2014年10月18日土曜日

Bucatini con le Polpettine di Sarde シチリア風 鰯のつみれのパスタ ブカティーニ

イワシを叩いてミンチにして、シチリアならではの食材と一緒に丸めたつみれをトマトでじっくり煮込んだポルペッティーネ。
そのまま立派にメイン料理として通用しますが、これを贅沢にもパスタソースにして "Piatto Unico" ピアットウニコでいただきます。

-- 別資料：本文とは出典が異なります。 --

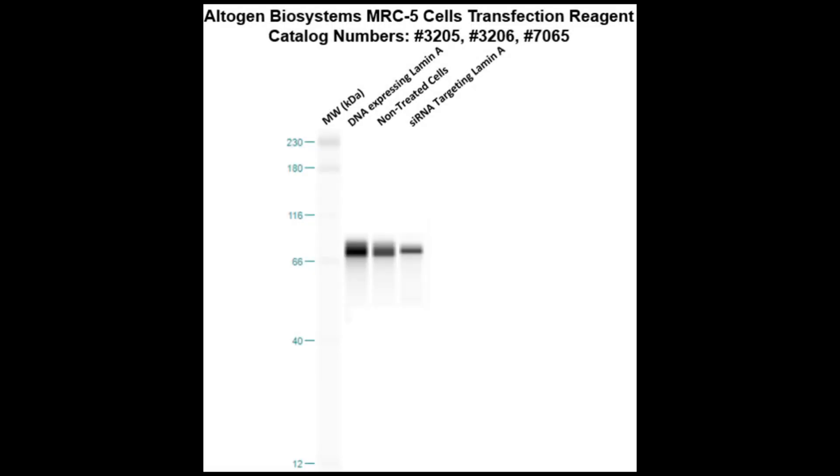Here is a Western blot validation of our transfection reagents. MRC-5 cells were transfected with either lamin A DNA, which resulted in overexpression as compared to non-treated cells, or lamin A siRNA, which resulted in partial silencing.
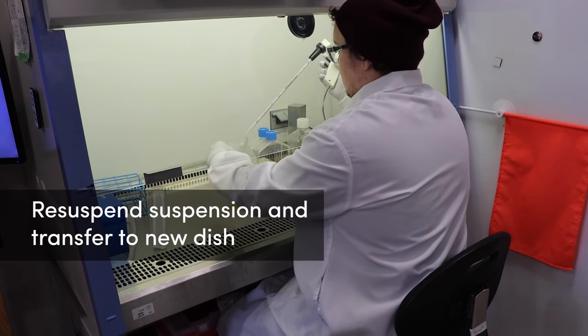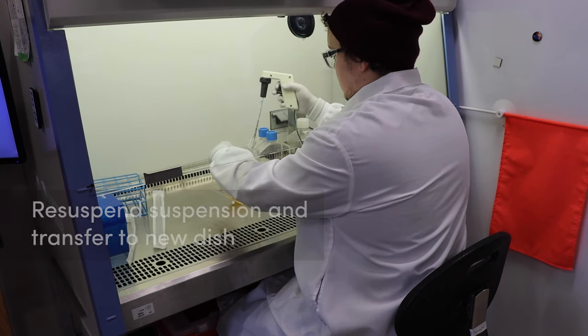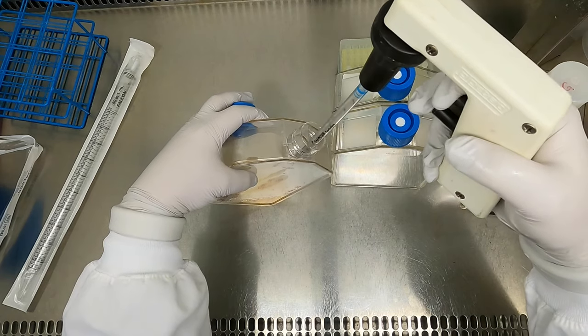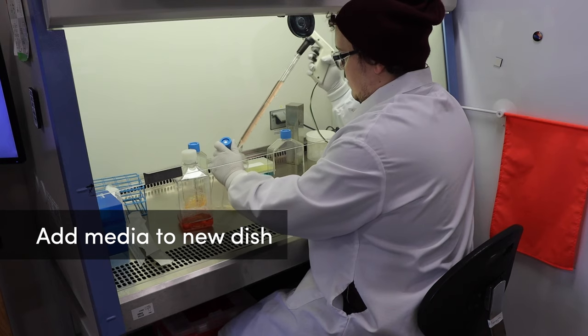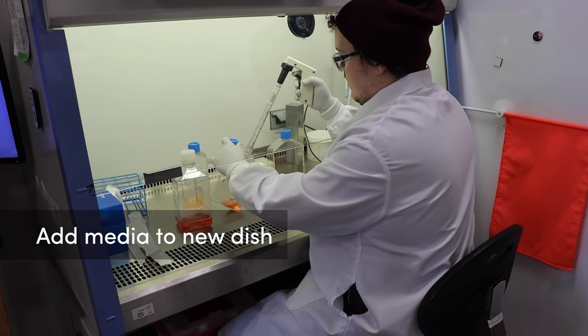If the cells are ready to be split, re-suspend the cells by pipetting and transfer the desired volume to a new cell culture vessel, which may be dishes, roller bottles, or flasks. Add enough volume of warmed media to each vessel to bring it to the desired volume per vessel, and gently mix to dilute the suspension.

つみれに混ぜ込むシチリア的な食材とは、青魚の生臭さをとことん消すためのフィノキエット(フェンネル)と "Pinoli e Passolina" ピノーリ エ パッソリーナ つまり松の実とレーズン。
フェンネルはあちらでは太った根元を食用にしたりと身近な野菜ですが日本ではなぜかメジャーになれなかったハーブ。
フレッシュのものはほぼ見かけないので、乾燥フェンネルを使います。

イタリアの家庭とりわけ南部では、今日の鰯のつみれ以外にも肉などをトマトで煮込むのが定番ですが、中身を取り出してセコンドで食べたら残ったソースも無駄なく利用して、具の無いトマトソースだけのパスタにして食べたりします。
自虐的に クチーナ ポーヴェラ(貧乏料理)などと言ったりしますが、メイン食材の旨味がたっぷり溶け出ているのでむしろ贅沢かも。
そんなわけで今日のようなパスタはプリモとセコンドが一皿に盛られたワンプレート料理=ピアットウニコとみなされます。
私たちにはピンとこない感覚かもしれませんが、やはり本来パスタとは前菜とメイン料理の間に位置するものなんですねぇ。
(ピアットウニコは本来は別々に作られた前菜やパスタやメイン料理が同じ皿に乗っているものを指します)

さて、鰯のつみれのトマトソースに合わせるパスタはブカティーニ。
パレルモ伝統の一品 "Pasta con le Sarde" でもお約束の、マカロニを長くしたような穴開きのシチリア発祥のロングパスタです。
生姜や醤油とは青魚の臭みの消し方が違うため、慣れないうちはワインは白よりもタンニンの利いた軽い赤がお勧めです。


Ingredienti (per 4 persone)

ブカティーニ500g
マイワシ10尾
パン粉1カップ
乾燥フェンネル大さじ3
松の実大さじ2
レーズン大さじ3
にんにく2片
小麦粉適量
ローリエ2枚
トマト缶2缶
オリーブオイル適量
塩・胡椒適量

※分量は一応の目安なので味見しながら作ってください

Preparazione

マイワシは三昧におろし、両面に塩をふりしばらく置いておきます。
イワシから水分が出てきますが、そのとき魚臭さも一緒に抜けます。
流水で洗って水気をふきとったら、出刃包丁で叩いてミンチにします。

にんにく1片はみじん切り、松の実とレーズンは粗く刻んで、イワシのミンチとフェンネルとともにボウルで混ぜ合わせます。
パン粉も加えてさらによく混ぜ、形を作れるようになったらボール状に丸めてつみれを作ります。

フライパンにたっぷりめのオリーブオイルを満たして火にかけ、つみれに小麦粉をまぶして揚げ焼きにしていきます。
中まで火を通す必要はなく、強めの火で表面にこんがり色がつくようにします。

深鍋にオリーブオイルとにんにく1片のみじん切りを加えて弱火で加熱し、にんにくの香りが立ったらトマト缶とローリエを加えて、木べらで潰しながら中火にかけます。
トマトソースがぐつぐつしてきたらイワシのつみれを投入し、20分ほど煮込んで味を見て塩胡椒で調整し、火を止めます。

鍋に湯を沸かして塩を加え、ブカティーニを茹でます。
フライパンにトマトソースをレードルですくって入れ、パスタの茹で汁をレードル2杯加えてのばします。
表示より1分短く茹でたパスタをフライパンに加えて、ソースの旨みをパスタに吸わせながらマンテカーレしアルデンテにもっていきます。
皿に盛って鰯のつみれをあしらったら出来上がり。